Quelques liens complémentaires et quelques graphiques intéressants:
http://www.businessinsider.com/japan-economy-disaster-2013-5
https://minarchiste.wordpress.com/2013/01/31/la-guerre-des-devises-sintensifie/
http://en.wikipedia.org/wiki/Abenomics
http://krugman.blogs.nytimes.com/2013/04/11/monetary-policy-in-a-liquidity-trap/
bla
Est-ce qu’il existe des politiques restrictives sur la natalité au Japon comme en Chine ou est-ce un phénomène culturelle?
Je regarde ce tableau et le Japon est vraiment dans la *****.
http://goo.gl/dBfAf
J’imagine que l’imigration est un défi au Japon en raison de la langue mais ils devront faire quelque chose et rapidement.
@Johathan
Je ne suis pas au courant des politiques de naissances, mais je ne crois pas qu’il y en ait.
Ceci dit, le veillissement de la population n’est un problème que dans la mesure où l’État-providence est trop généreux et la bureaucratie étatique trop volumineuse à soutenir par un plus petit nombre de travailleurs…
Autrement, aucun problème avec la décroissance de population, ça pourrait même être une bonne chose à certains égards.
C’est drôle de voir certains gauchistes faire l’apologie de la « décroissance », mais en même temps soutenir les « subventions aux naissances » comme les garderies à $7 et l’assurance parentale.
Très bonne analyse que je partage à 100%!
Comment un pays peut-il s’endetter encore autant, quand il est déjà aussi drastiquement endetté ? Je crois comprendre en lisant votre article que les taux d’intérêts japonais sont excessivement bas depuis plusieurs décennies, mais même si c’est le gouvernement qui contrôle ces taux, il ne peut pas les garder définitivement bas ! Si les taux augmentent, ça serait une catastrophe monumentale pour les dépenses publiques !
Et autre chose… vous parlez d’inflation parce que les politiques monétaires du Japon ont toujours été très expansionnistes, alors pourquoi le pays a subi une forte déflation dans les dernières années ?
Et finalement quel est la différence entre ce fameux plan de relance que tout le monde croit « sauveur » et les 100 milliards de relance des décennies passées ?
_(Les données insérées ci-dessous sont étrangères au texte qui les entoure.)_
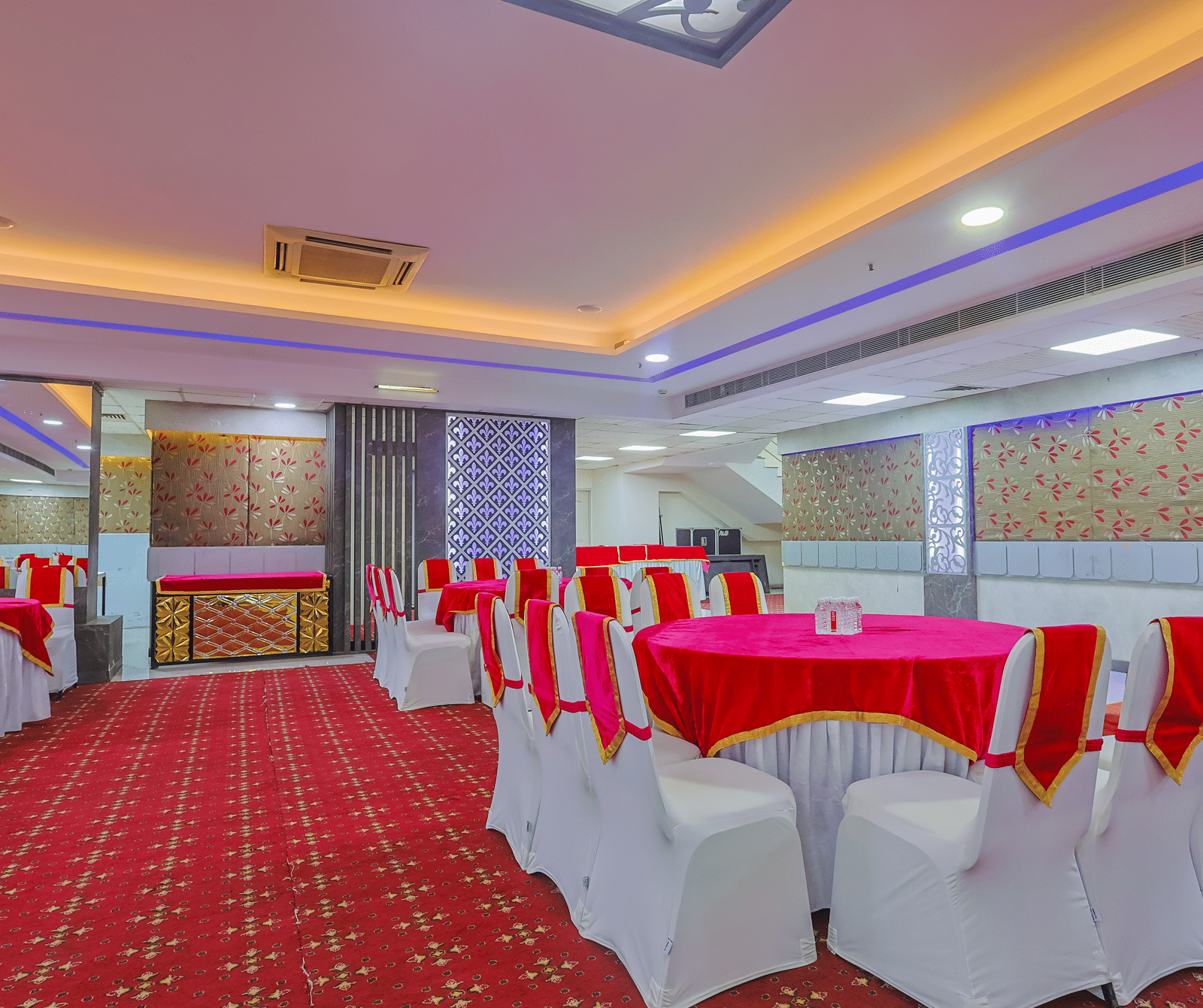  banquet hall set up for an event, featuring tables with white chairs and red tablecloths, arranged on a red patterned carpet.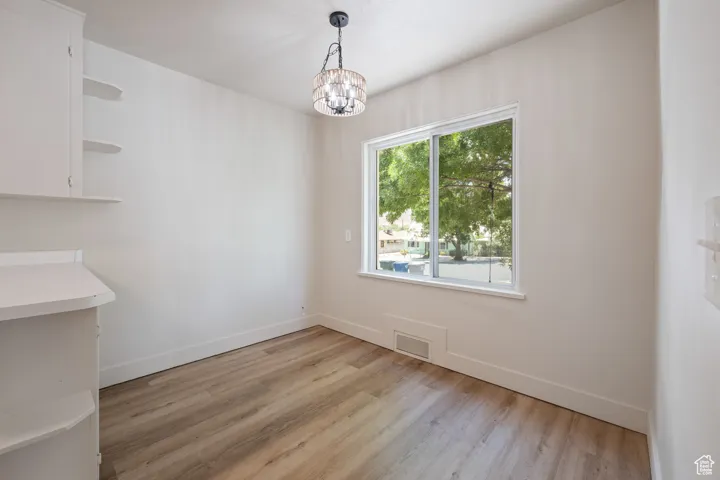 Unfurnished dining area with light wood finished floors and a chandelier
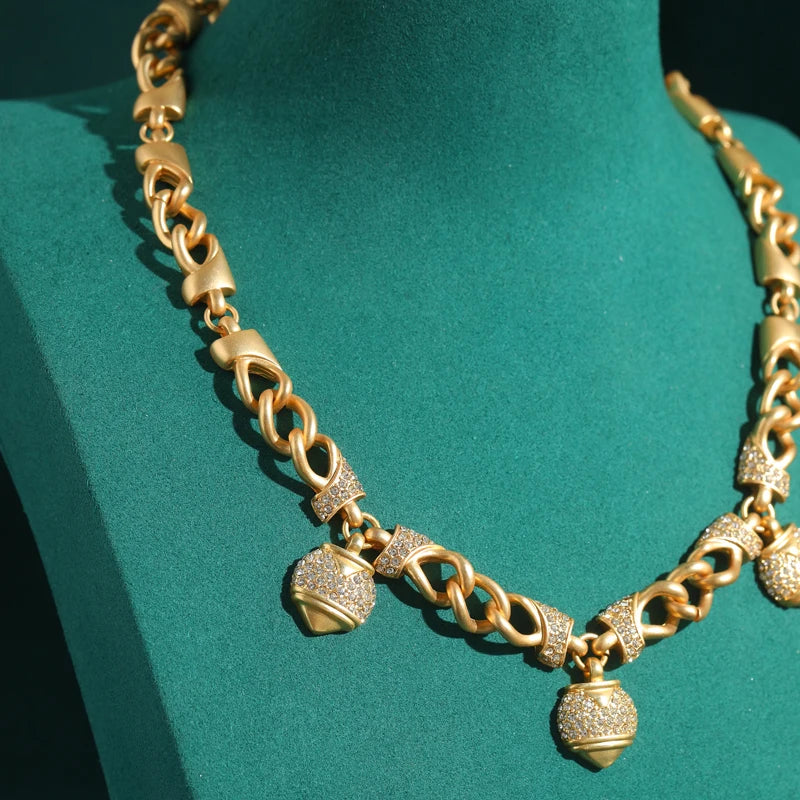 80s Power Glam Gold Heart Charm Necklace – Rhinestone Statement Chain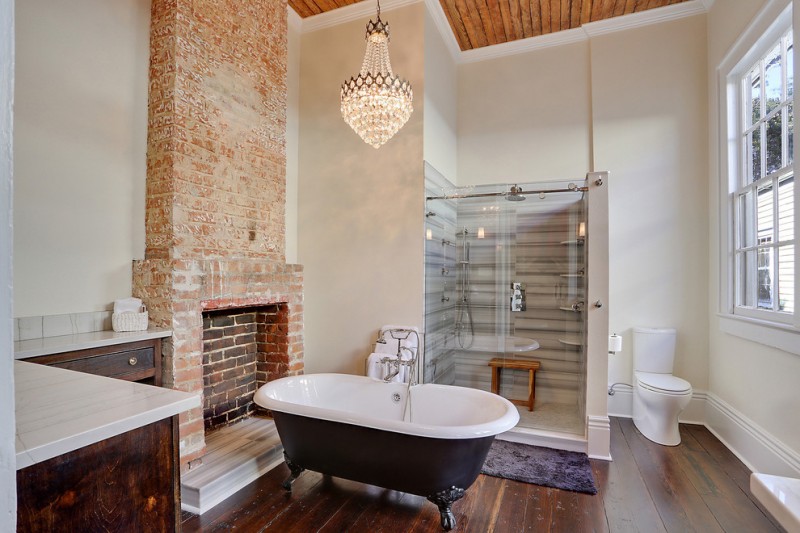 bathroom with transitional design and chandelier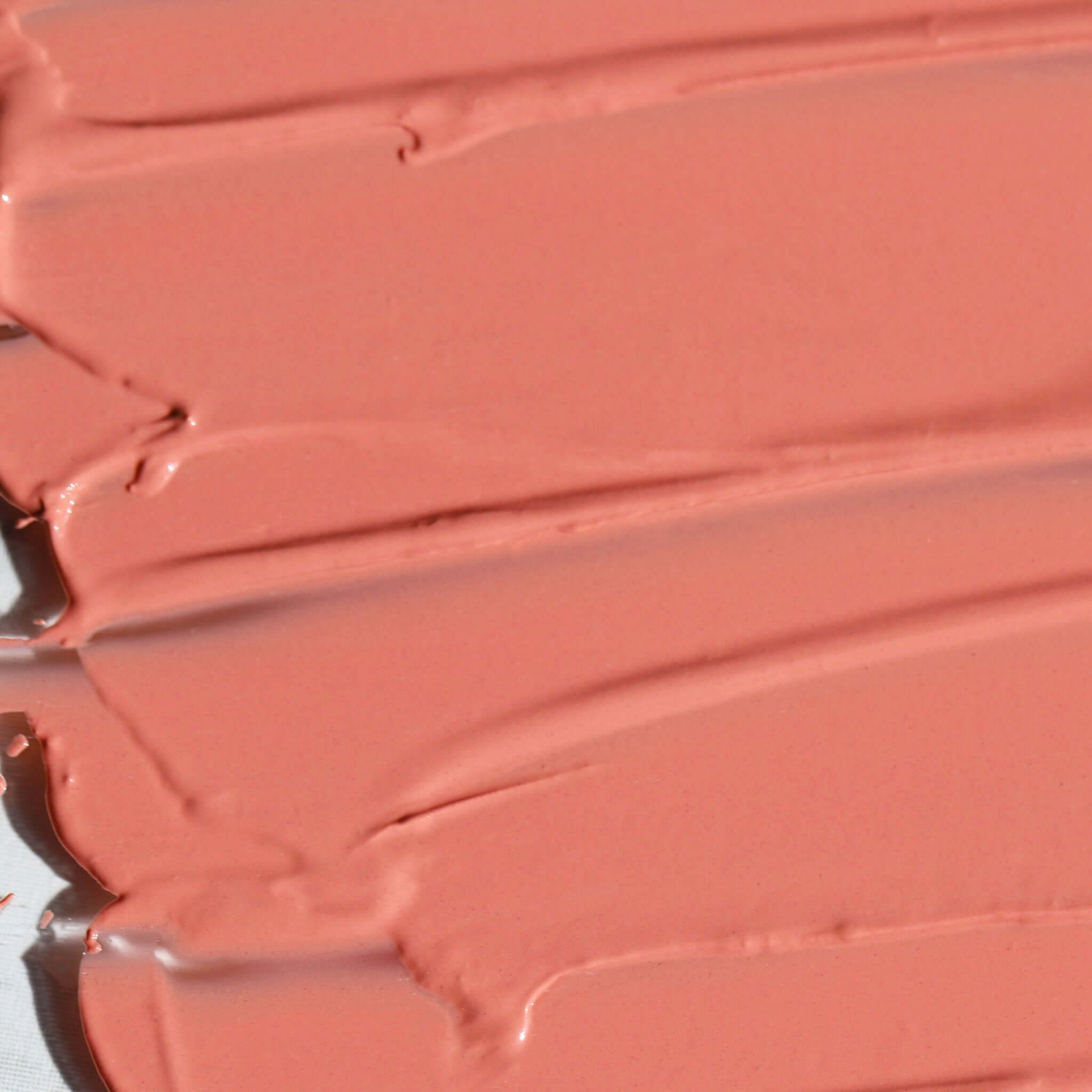 Close-up of Candy Paint Cheek + Lip Tint creamy texture in a soft peachy shade, highlighting the dewy and blendable formula.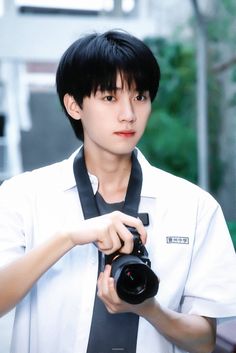 a man holding a camera and wearing a neck tie in front of a building with trees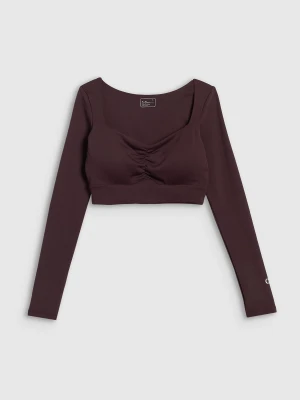 4F Crop top treningowy z niskim wsparciem damski 4F x Anna Lewandowska - brązowy S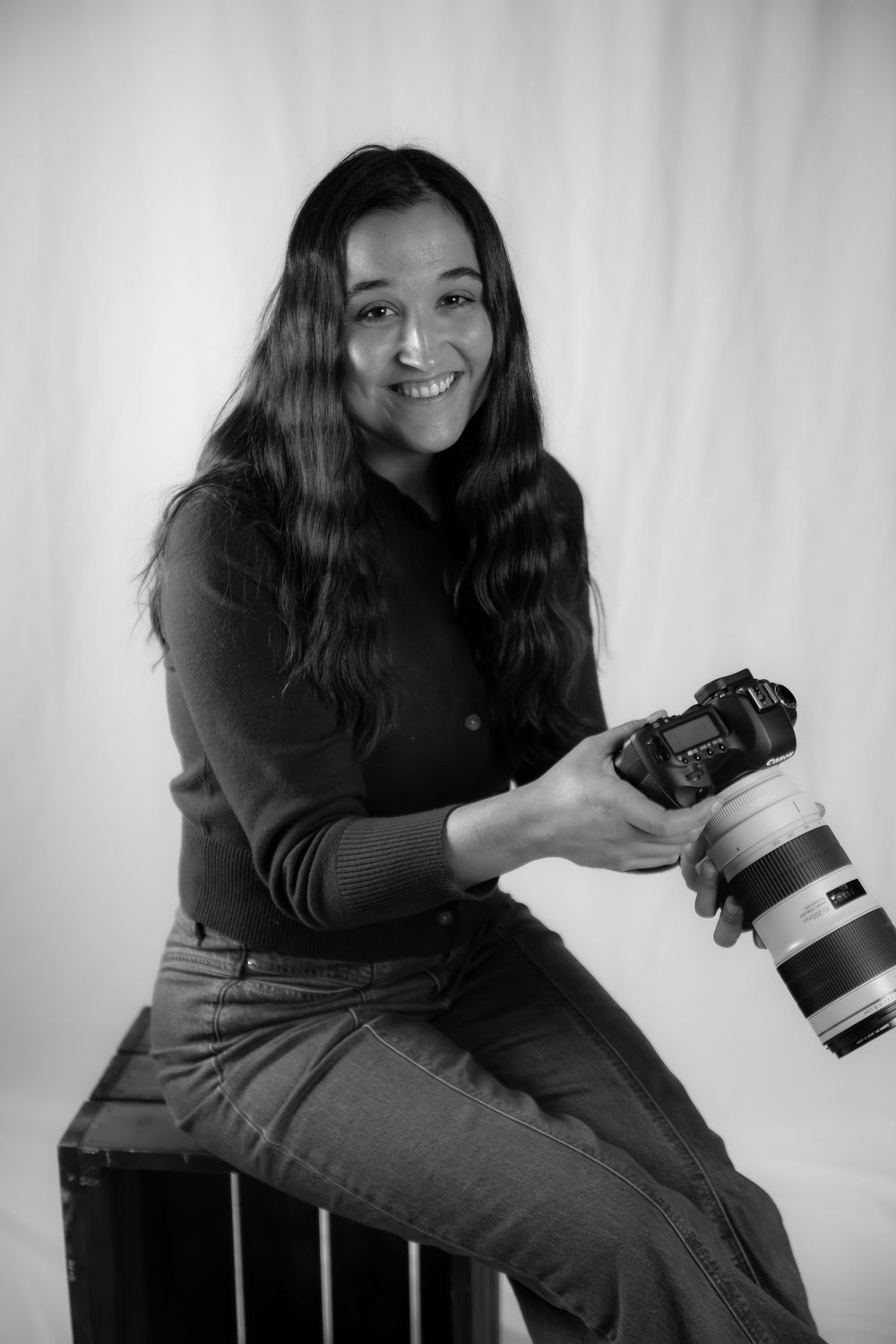 Black and white portrait of photographer sitting with professional camera and telephoto lens against light background.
Je saisis mal pourquoi tu dis que la croissance économique passe par une hausse de la productivité, car elle n’est que le rapport entre le volume de la production et la quantité de facteurs requise. La France a une meilleure productivité que les USA, pourtant le PIB\tête y est beaucoup plus bas et le chômage y est beaucoup plus élevé.
Vouloir maximiser la productivité d’un pays revient un peu à vouloir maximiser son salaire horaire: ce n’est pas pcq je gagne 100$\heure que je peux dire que je suis plus riche que quelqu’un qui gagne 20$\heure, tout dépend du nombre d’heures totales travaillées.
@Guillaume
Et comment mesurez-vous la productivité pour comparer la France aux USA?
PIB/heures travaillées.
Le boss du syndicat des travailleurs de la construction a dit que que les constructeurs du QC avaient une des meilleure productivité au monde et que c’était une raison pour augmenter leur rémunération, êtes-vous d’accord avec lui?
@Guillaume Poulin
J’ai de la difficulté avec ces chiffres.
Supposons qu’un gouvernement s’endette de $100 milliards et envoie un chèque à tous ces citoyens du même montant. Le PIB va augmenter de $100 milliard, et le ratio PIB/heures travaillées va aussi augmenter. Est-ce que cela signifierait que les gens sont plus productifs? Pas du tout! Donc on compare des pommes avec oranges.
« Je saisis mal pourquoi tu dis que la croissance économique passe par une hausse de la productivité »
J’explique la base ici :
« ce n’est pas pcq je gagne 100$\heure que je peux dire que je suis plus riche que quelqu’un qui gagne 20$\heure, tout dépend du nombre d’heures totales travaillées. »
Disons que les gens qui ont un salaire de $100 ont des compétences qui sont bien plus en demande que ceux qui gagnent $20 de l’heure. Les compétences, c’est ce qu’on appelle le ‘capital humain’. Et comme pour n’importe quel capital, pour former le capita humain il faut épargner (du temps de loisir ou de travail) pour investir (formation, stages, etc).
Bonjour Minarchiste,
Billet intéressant même si je ne partage pas toutes vos conclusions. Je vous invite à prendre connaissance des écrits de Richard Koo, économiste en chef à la Nomura Research Institute. Ces travaux portent justement sur la « décennie perdue » du Japon et il apporte une théorie, appelée « balance sheet recession » permettant d’expliquer plus en détail le vieux démon de la « liquidity trap » de votre vieil ami Keynes. Ses conclusions semblent toutefois contredire quelque peu les vôtres, que je trouve plutôt éparse, je dois l’admettre.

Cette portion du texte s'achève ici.